What is clean eating?

Clean eating is a recent dietary trend to hit the block, with advocates including celebrities Gwyneth Paltrow and Miranda Kerr, and bloggers and social media stars, such as the ‘Food Babe’, Vani Hari, who has more than one million Facebook followers. It’s often promoted as being the only truly healthy and virtuous way to eat, but what exactly eating ‘clean’ means can vary largely from one follower to the next. Foods can be classified as either ‘clean’ or ‘unclean’ based on personal perception or on a belief about health and nutrition properties, such as a perceived ability of a food to cure cancer or detoxify the body. These perceptions are not necessarily based on robust scientific evidence.

While the set of food rules can vary, clean eating is generally defined as following these core principles:

  1. Eating whole food and eliminating processed food — the degree of processing that is acceptable often comes down to individuals.
  2. Eliminating sugar from the diet — again, this is open to interpretation. For some this may mean the elimination of refined sugar only, while for others this may mean the exclusion of ALL sugar, including naturally occurring.
  3. Choosing organic food where possible.
  4. Avoiding all preservatives, colour additives and binders, stabilisers, emulsifiers and fat replacers.

Other features may include the elimination of grains, gluten, soy, dairy, or all animal products.

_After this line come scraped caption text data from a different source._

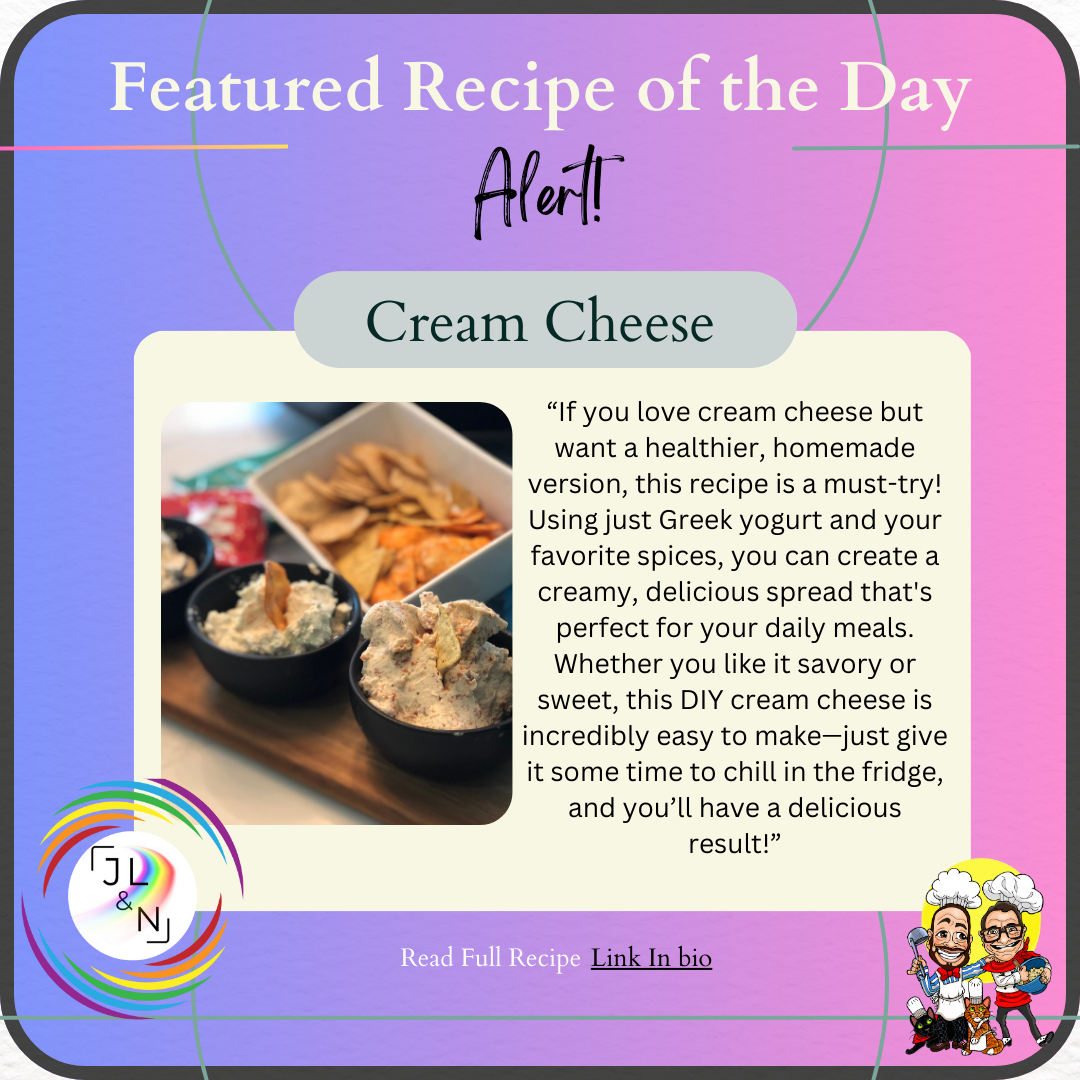 🧀 Cream Cheese 🍽️
A healthier, homemade version of your favorite spread! Made with Greek yogurt and your choice of spices, this creamy spread is perfect for savory or sweet dishes.
✨ Ready in 2 days (with chill time)!
👉 Get the recipe: https://www.jeanlucandnick.com/recipes/recipe/cream-cheese
#HomemadeGoodness #HealthyEating #CreamCheese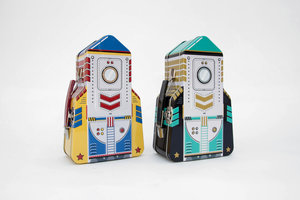 Pair of Rocket Shaped Lunch Boxes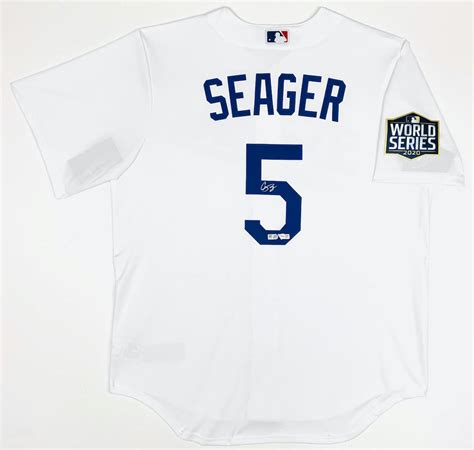 Corey Seager Signed Dodgers 2020 World Series Champion Patch Jersey ...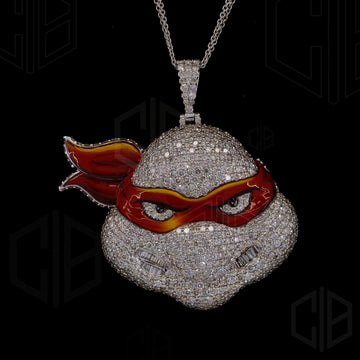 Ninja Turtle Hip Hop VVS moissanite gold pendant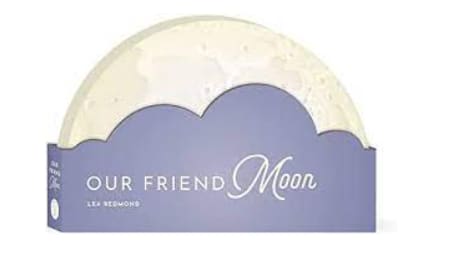 Round moon cake in a purple box labeled Our Friend Moon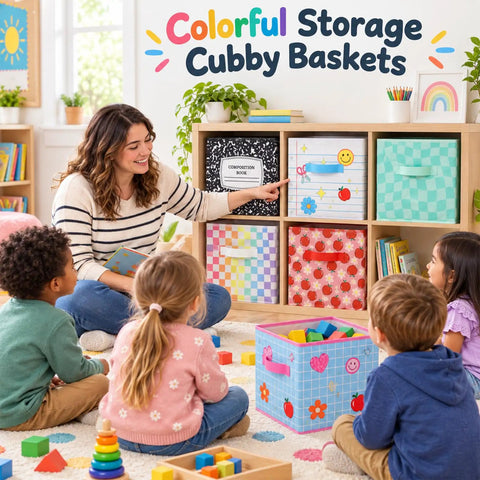 6 Piece Slick Fabric Storage Bins 11 Inch Vibrant Cubby Basket Organizers With Grippy Handles For Classrooms And Nurseries group in classroom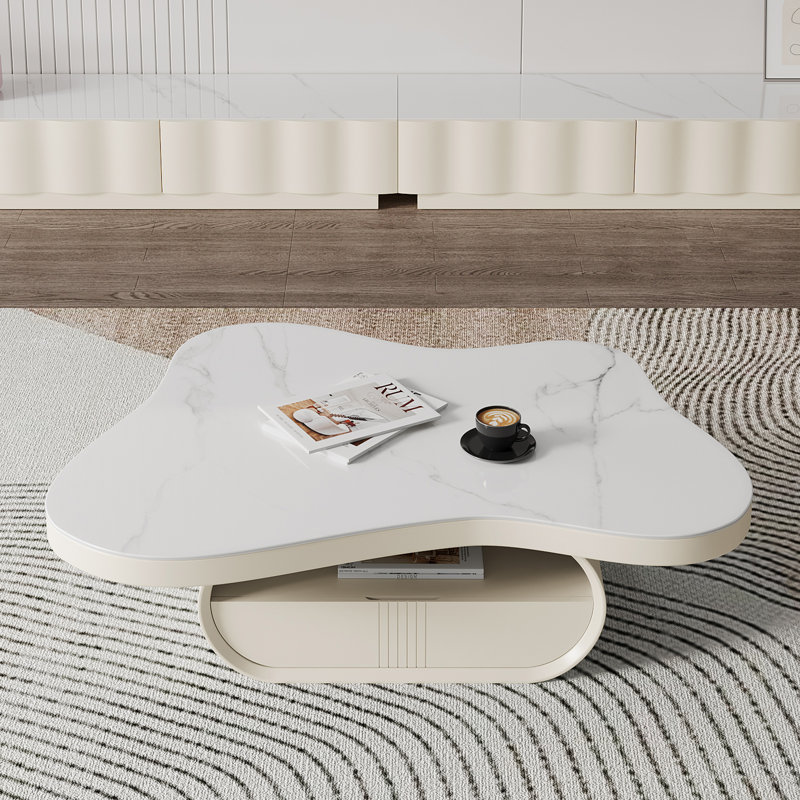 Cloud Shape Cream Coffee Table With Darwes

Some clean eaters may only include raw foods, go ‘paleo’, or choose to shop sustainably and only purchase foods grown locally and in a sustainable way.

Is clean eating healthier?

It can be — especially if your previous diet was based on mostly processed foods containing high levels of saturated fat, sugar and salt and little in the way of vitamins and minerals.  But, while some of the features of clean eating share common elements with the Ministry of Health’s Eating and Activity Guidelines and the Heart Foundation’s Visual Food Guide, which are based on robust scientific evidence, it is extremes of clean eating and the unnecessary elimination of foods (and even entire food groups) that have many nutrition and medical experts worried.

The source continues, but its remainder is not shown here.